Browse notebook variables and built-in parameter values from one place.
Create custom history checkpoints that enable you to revert the changes at any time using the history tool. When browsing a checkpoint, you will see the difference between the current version of the notebook and the one that is selected.
In Datalore, you can execute your notebooks on CPUs and GPUs. You can choose the machine you need from the UI. The type and amount of resources you get depends on which plan you have. Find more information here.
You can connect any type of server hardware you are already using to Datalore and make it accessible to your users from Datalore’s interface.
Reactive mode will enforce top-down evaluation order and automatic recalculation of the cells below the modified one. The notebook state will be saved after each cell evaluation and can be restored at any time.
Switch on Background computation to keep your notebook running even when you close the browser tab. You will always have access to your running computations list from the User menu or the Admin panel.
Download CSV reports containing the amount of time you spent running each machine – it might help you understand which projects you’ve paid most attention to.

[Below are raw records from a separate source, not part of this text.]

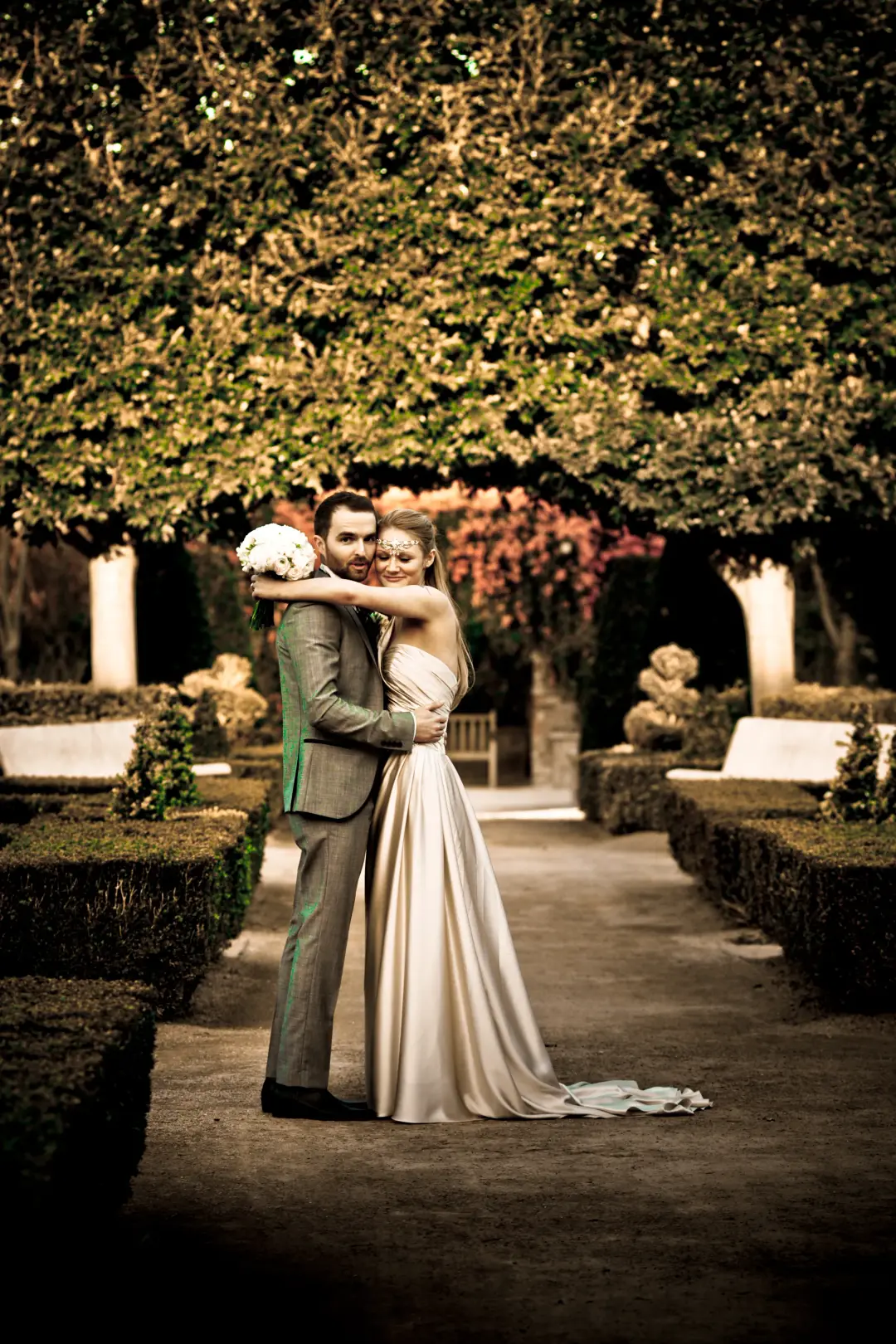 The finished bridal hair and makeup by Bellus at a real wedding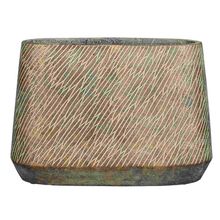 Product image of ქოთანი კერამიკული Camino pot oval d. brown - l42xw20xh30cm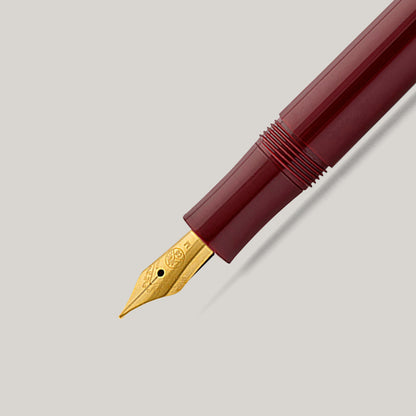 KAWECO CLASSIC FOUNTAIN PEN FINE - BORDEAUX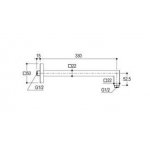 Ritmonio Ramię deszczownicy chrom 75B004CRL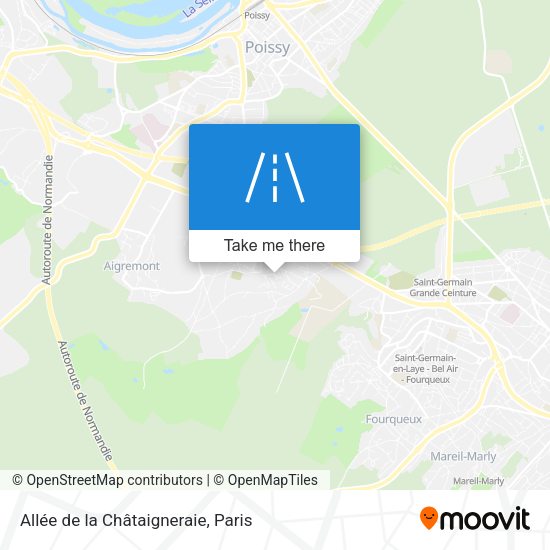Allée de la Châtaigneraie map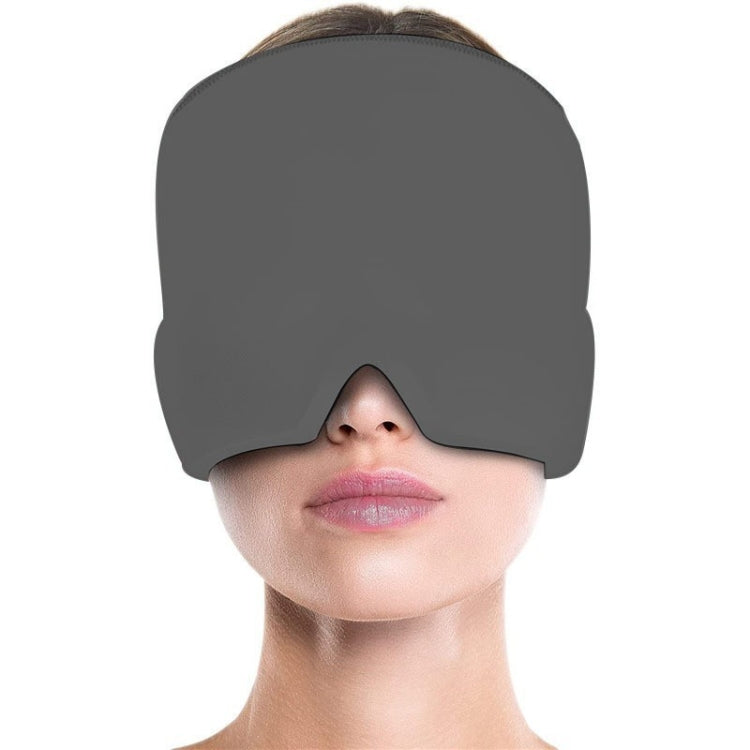 Gel Ice Hood Cooling Eye Mask Hot and Cold Compress Headband for Headache, Single-layer (Black), Single-layer (Pink), Single-layer (Blue), Single-layer (Purple), Single-layer (Gray), Double-layer (Black), Double-layer (Pink), Double-layer (Blue)�������...
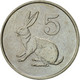 Monnaie, Zimbabwe, 5 Cents, 1990, TTB, Copper-nickel, KM:2 - Simbabwe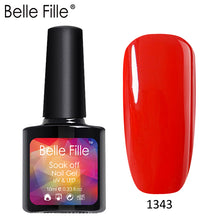 Load image into Gallery viewer, Belle Fille Base and Top Coat Gel Nail Polish UV 10ml Transparent Soak Off Primer Gel Polish Gel Lacquer Nail Art Manicure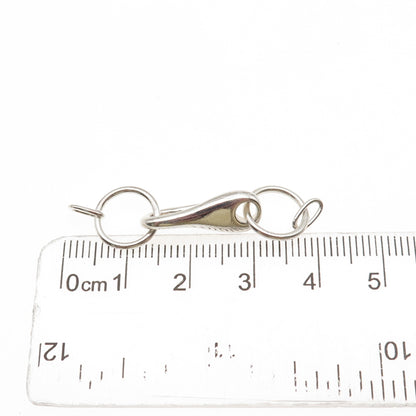 925 Sterling Silver Vintage Bracelet / Necklace Hook Lock Clasp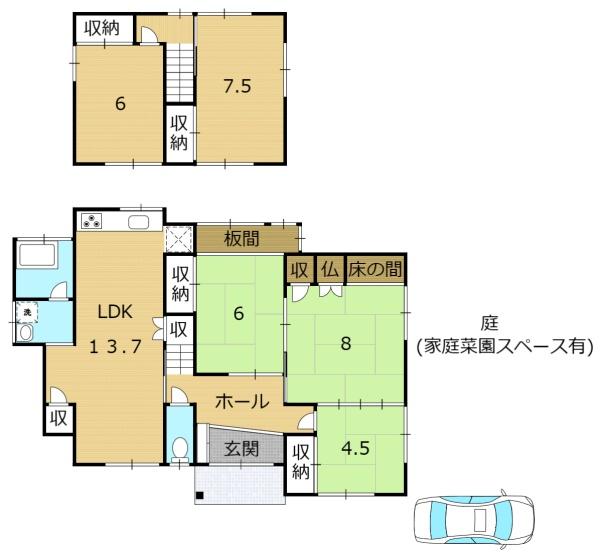 大津市滋賀里２丁目の中古一戸建て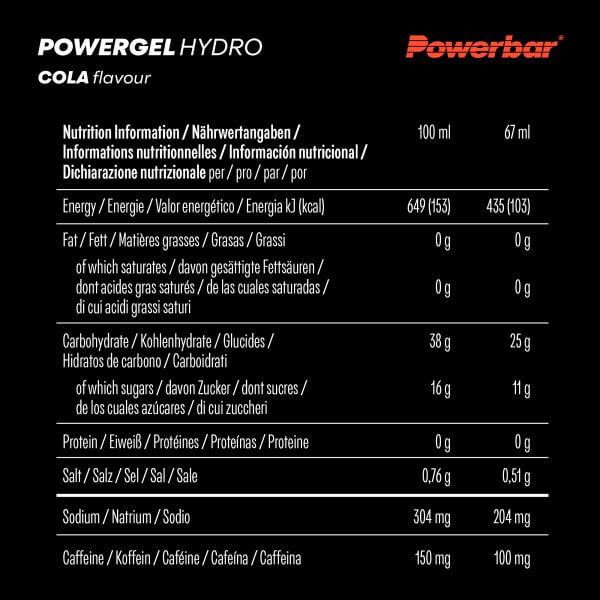 Powerbar Powergel Hydro, Cola, 67ml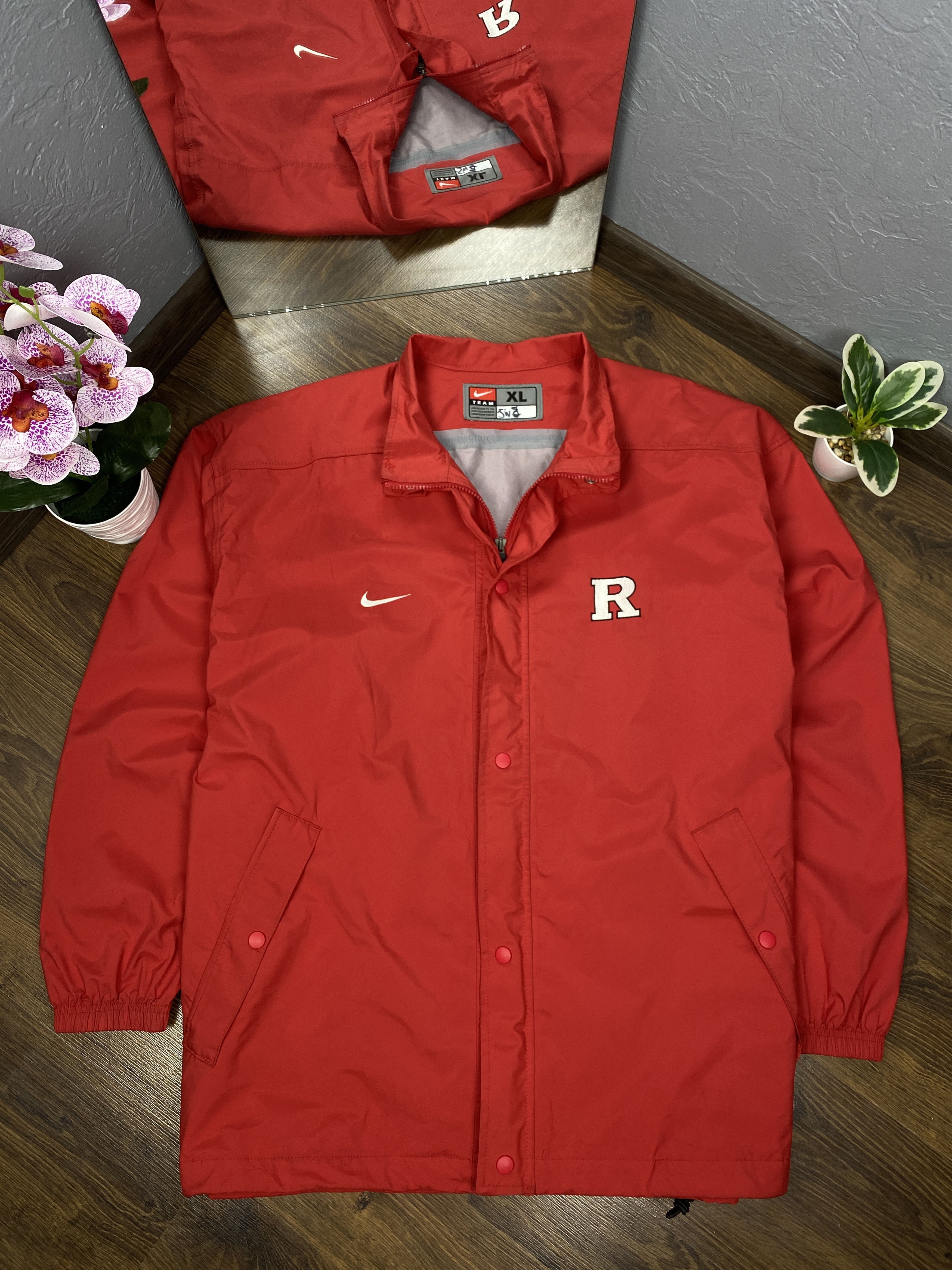 Nike Nike Team R 90s vintage nylon coach jacket Size US XL / EU 56 / 4 - 1 Thumbnail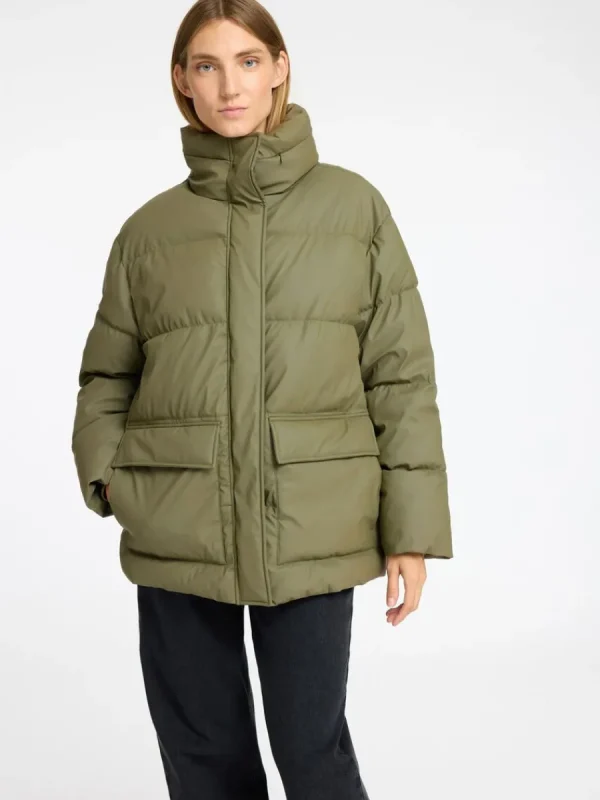 SELECTED COATED VADDERAD JACKA Green Fashion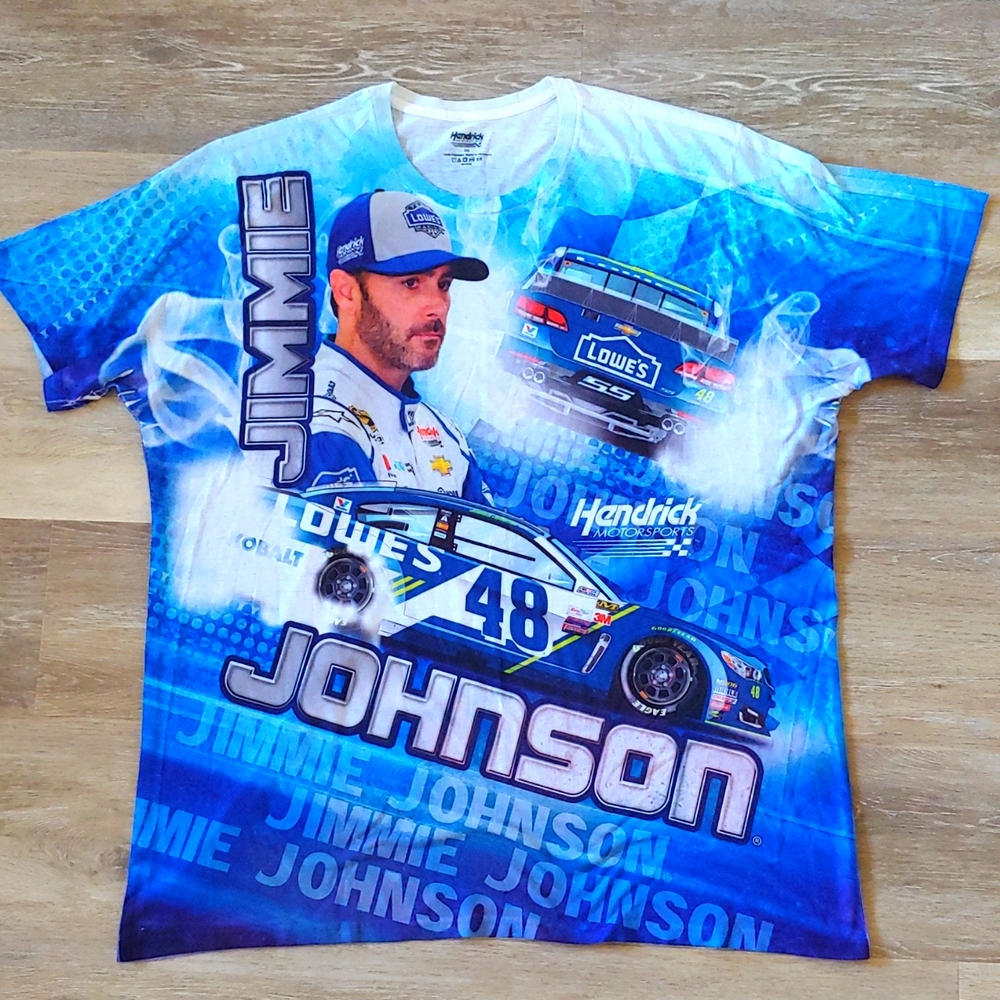Hendrick Motorsports Jimmie Johnson All Over Print T-Shirt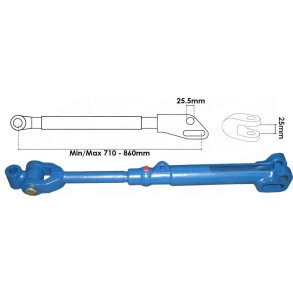 Nivelleringsh�ndtag Ford 6610 VH
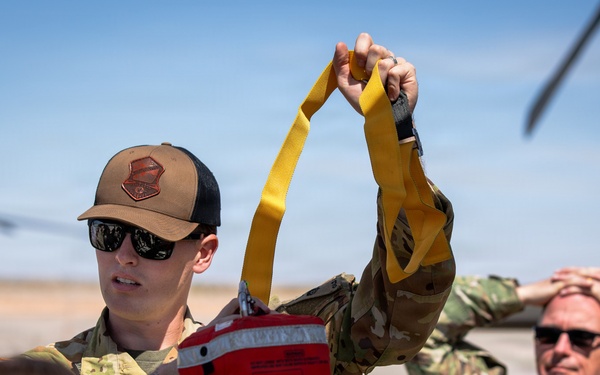 Task Force Seminole conducts air medical evacuation training at Fort Bliss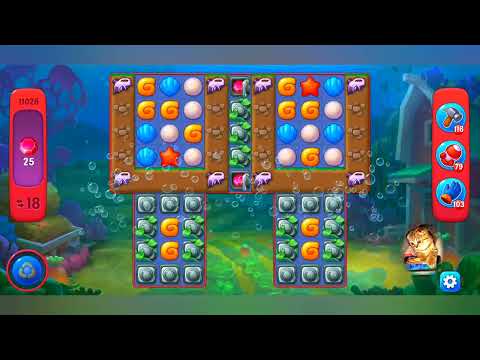 фишдом 2023  #  11026 уровень - прохождение без бустеров # Fishdom,   11026  level - no Boosters.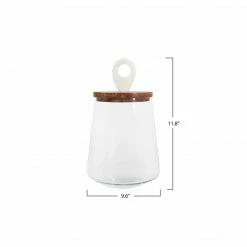 Bloomingville New Home Decor Wilmer Glass Jars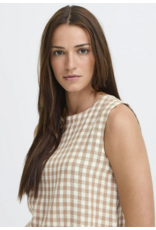 FALAKKA ONECK TOP - WOODSMOKE - LINEN BLND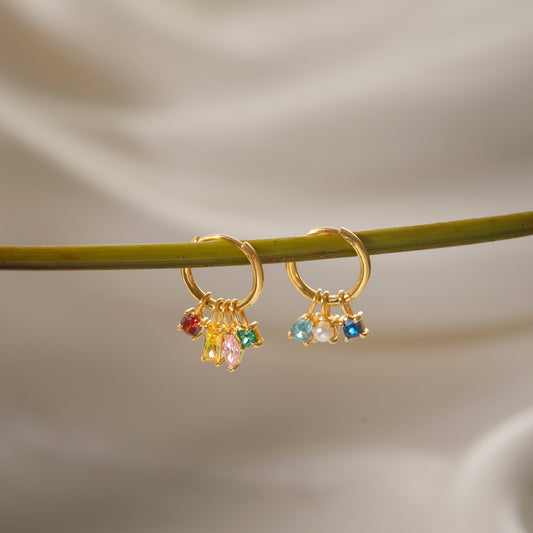 Multiple Birthstone Earrings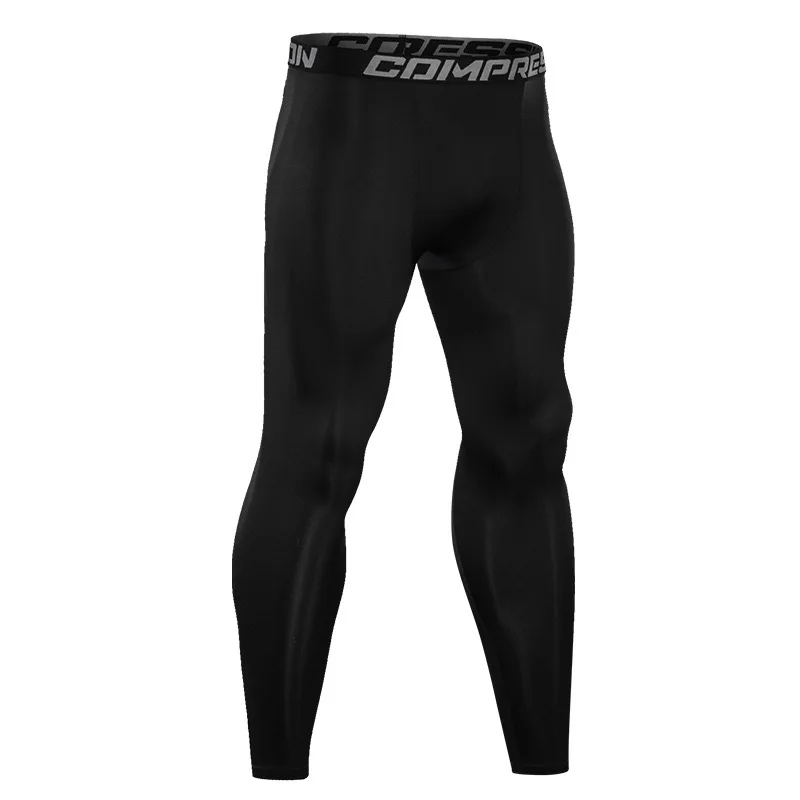 1pcs Men's Thermal Bottoms Male Winter Keep Warm Sports Leggings Running Basketball Quick Drying Breathable Fitness Pants thermal underwear sets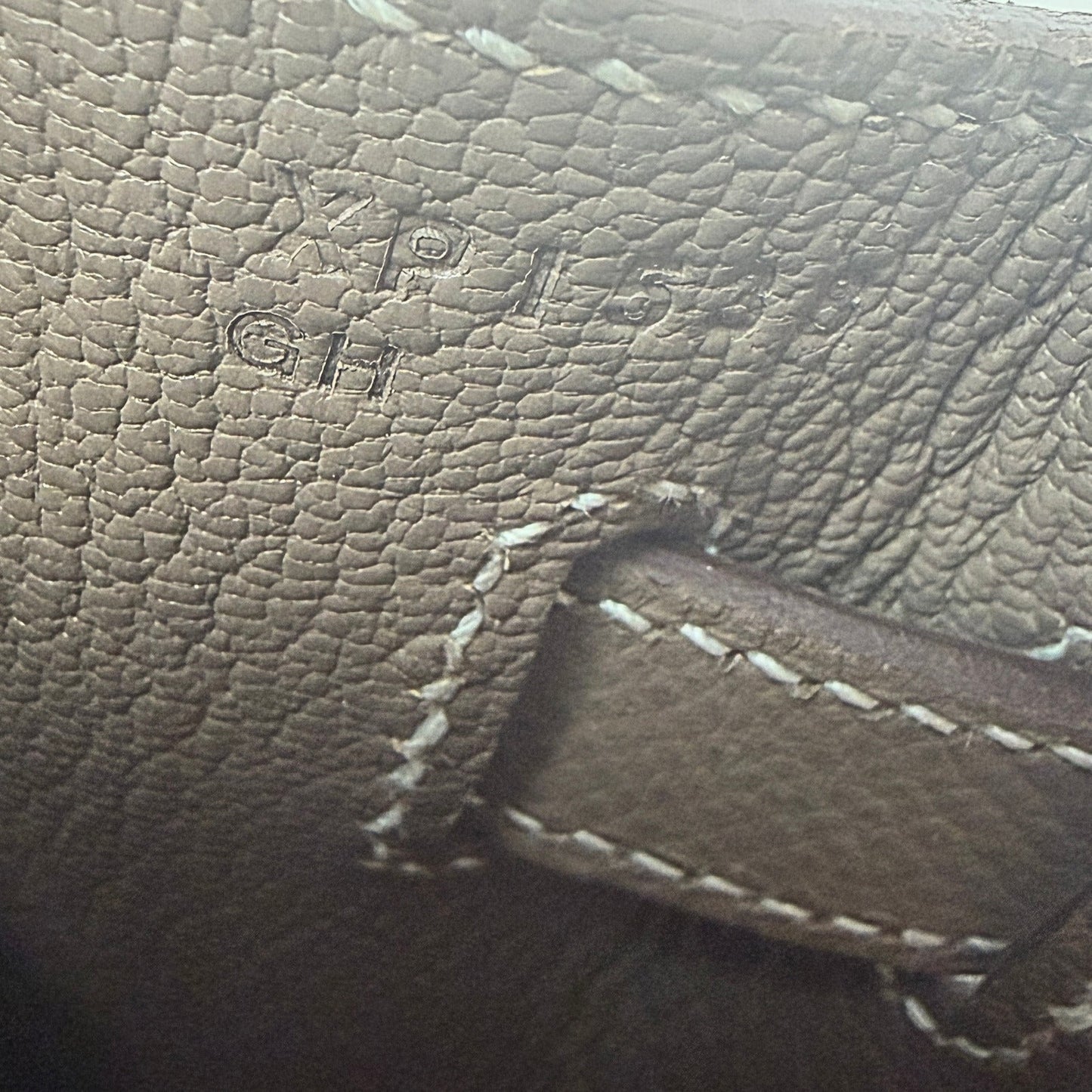 Hemès Kelly Bag 32 Sellier Epsom Leder Etoupe / sehr gut Hermès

Use scheduling to run your notebooks on an hourly, daily, weekly, or monthly basis and deliver regular updates to published reports. Choose the schedule parameters from the user interface or use the CRON string. Notify notebook collaborators upon successful or failed runs via email.
It is now possible to trigger running a Datalore notebook or republishing a report with an API call. This feature is an addition to scheduled runs, which allow you to trigger rerunning a notebook on-demand from external apps and internal Datalore notebooks. It is also possible to view the run results from the Scheduled run menu. More information on how to use the API can be found here.
For R notebooks, you can now install packages from public and private R package
repositories supported by
install.packages inside the
Environment manager tab. Using Environment manager helps keep your
environment configuration persistent throughout the notebook runs. It's possible
to configure a custom repo by creating an
.Rprofile file in init.sh
or a custom agent image.
While the conda installation remains the default in the cloud version, Enterprise customers can configure a non-conda custom base environment with the R kernel. This will lead to an absence of conda packages in the Environment manager search results. You can find an example of such an installation here.
Locate specific code sections or find the necessary information in all notebooks across your workspaces. In addition to searching for notebook names, you can now search for variable names and content. You will see your query highlighted in the search results.